## [TASK TO COMPLETE]
From the listing below, set down exactly the lines between the one holding "Main image Unverferth Pro-Force 1450" and the one holding "1 Bedroom Flat", inclusive. No other line is wanted.

## [RECORDS FOR THE TASK]

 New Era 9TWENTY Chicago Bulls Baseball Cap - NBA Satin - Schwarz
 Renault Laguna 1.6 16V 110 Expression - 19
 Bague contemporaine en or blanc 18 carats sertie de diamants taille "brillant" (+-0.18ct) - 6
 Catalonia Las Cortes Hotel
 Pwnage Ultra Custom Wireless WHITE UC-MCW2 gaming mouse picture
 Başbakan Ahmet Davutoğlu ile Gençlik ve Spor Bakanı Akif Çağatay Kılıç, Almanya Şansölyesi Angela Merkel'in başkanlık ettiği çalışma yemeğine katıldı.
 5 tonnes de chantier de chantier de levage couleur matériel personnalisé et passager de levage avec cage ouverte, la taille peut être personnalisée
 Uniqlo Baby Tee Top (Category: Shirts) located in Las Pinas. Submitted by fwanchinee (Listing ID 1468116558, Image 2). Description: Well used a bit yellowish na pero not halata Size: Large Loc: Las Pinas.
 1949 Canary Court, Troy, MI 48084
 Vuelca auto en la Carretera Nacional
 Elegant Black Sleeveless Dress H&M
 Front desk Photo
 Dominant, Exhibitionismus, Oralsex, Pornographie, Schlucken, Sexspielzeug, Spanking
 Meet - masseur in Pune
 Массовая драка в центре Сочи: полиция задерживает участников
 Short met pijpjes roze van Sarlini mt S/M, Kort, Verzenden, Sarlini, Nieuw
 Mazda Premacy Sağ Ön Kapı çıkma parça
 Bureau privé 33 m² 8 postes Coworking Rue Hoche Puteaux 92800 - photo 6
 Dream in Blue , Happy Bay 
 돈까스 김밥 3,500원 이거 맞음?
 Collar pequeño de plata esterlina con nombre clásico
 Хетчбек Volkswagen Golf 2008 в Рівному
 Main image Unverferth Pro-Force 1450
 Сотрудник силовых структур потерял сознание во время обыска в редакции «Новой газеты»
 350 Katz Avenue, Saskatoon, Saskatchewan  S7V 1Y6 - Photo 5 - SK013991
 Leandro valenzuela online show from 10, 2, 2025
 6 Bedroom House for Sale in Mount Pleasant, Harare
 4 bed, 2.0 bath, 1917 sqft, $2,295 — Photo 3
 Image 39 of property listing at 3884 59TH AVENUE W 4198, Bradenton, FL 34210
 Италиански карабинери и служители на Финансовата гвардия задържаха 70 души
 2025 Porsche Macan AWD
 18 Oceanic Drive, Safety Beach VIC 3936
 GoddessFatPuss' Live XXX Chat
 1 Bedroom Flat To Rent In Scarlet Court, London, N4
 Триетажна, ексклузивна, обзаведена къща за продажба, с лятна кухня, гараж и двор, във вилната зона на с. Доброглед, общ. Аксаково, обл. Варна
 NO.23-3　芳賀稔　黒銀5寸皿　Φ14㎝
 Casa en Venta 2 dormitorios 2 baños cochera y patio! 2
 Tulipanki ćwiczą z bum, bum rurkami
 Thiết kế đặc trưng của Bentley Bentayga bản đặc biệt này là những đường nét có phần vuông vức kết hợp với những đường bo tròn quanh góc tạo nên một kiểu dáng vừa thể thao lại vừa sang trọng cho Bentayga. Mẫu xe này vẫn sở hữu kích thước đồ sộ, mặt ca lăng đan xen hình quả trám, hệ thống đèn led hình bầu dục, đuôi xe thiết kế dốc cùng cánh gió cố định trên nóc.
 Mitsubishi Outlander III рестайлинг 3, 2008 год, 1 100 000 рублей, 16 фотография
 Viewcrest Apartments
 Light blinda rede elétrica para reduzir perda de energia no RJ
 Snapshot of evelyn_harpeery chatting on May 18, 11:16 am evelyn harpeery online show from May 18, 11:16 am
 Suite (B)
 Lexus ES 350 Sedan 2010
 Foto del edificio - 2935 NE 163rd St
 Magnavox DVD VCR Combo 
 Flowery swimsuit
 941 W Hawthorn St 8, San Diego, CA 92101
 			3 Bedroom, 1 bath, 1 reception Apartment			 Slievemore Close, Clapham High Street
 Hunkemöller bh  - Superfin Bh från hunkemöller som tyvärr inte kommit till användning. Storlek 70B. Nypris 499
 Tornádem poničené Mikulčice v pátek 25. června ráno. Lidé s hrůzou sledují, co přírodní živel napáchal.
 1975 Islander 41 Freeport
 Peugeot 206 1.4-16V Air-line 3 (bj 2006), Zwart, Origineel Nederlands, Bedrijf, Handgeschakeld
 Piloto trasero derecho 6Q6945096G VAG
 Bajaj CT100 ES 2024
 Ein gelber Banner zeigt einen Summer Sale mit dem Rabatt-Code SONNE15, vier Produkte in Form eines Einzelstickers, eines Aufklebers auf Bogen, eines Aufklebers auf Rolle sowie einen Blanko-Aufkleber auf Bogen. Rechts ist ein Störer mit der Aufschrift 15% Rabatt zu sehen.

## [WRITTEN REPLY]
 Main image Unverferth Pro-Force 1450
 Сотрудник силовых структур потерял сознание во время обыска в редакции «Новой газеты»
 350 Katz Avenue, Saskatoon, Saskatchewan  S7V 1Y6 - Photo 5 - SK013991
 Leandro valenzuela online show from 10, 2, 2025
 6 Bedroom House for Sale in Mount Pleasant, Harare
 4 bed, 2.0 bath, 1917 sqft, $2,295 — Photo 3
 Image 39 of property listing at 3884 59TH AVENUE W 4198, Bradenton, FL 34210
 Италиански карабинери и служители на Финансовата гвардия задържаха 70 души
 2025 Porsche Macan AWD
 18 Oceanic Drive, Safety Beach VIC 3936
 GoddessFatPuss' Live XXX Chat
 1 Bedroom Flat To Rent In Scarlet Court, London, N4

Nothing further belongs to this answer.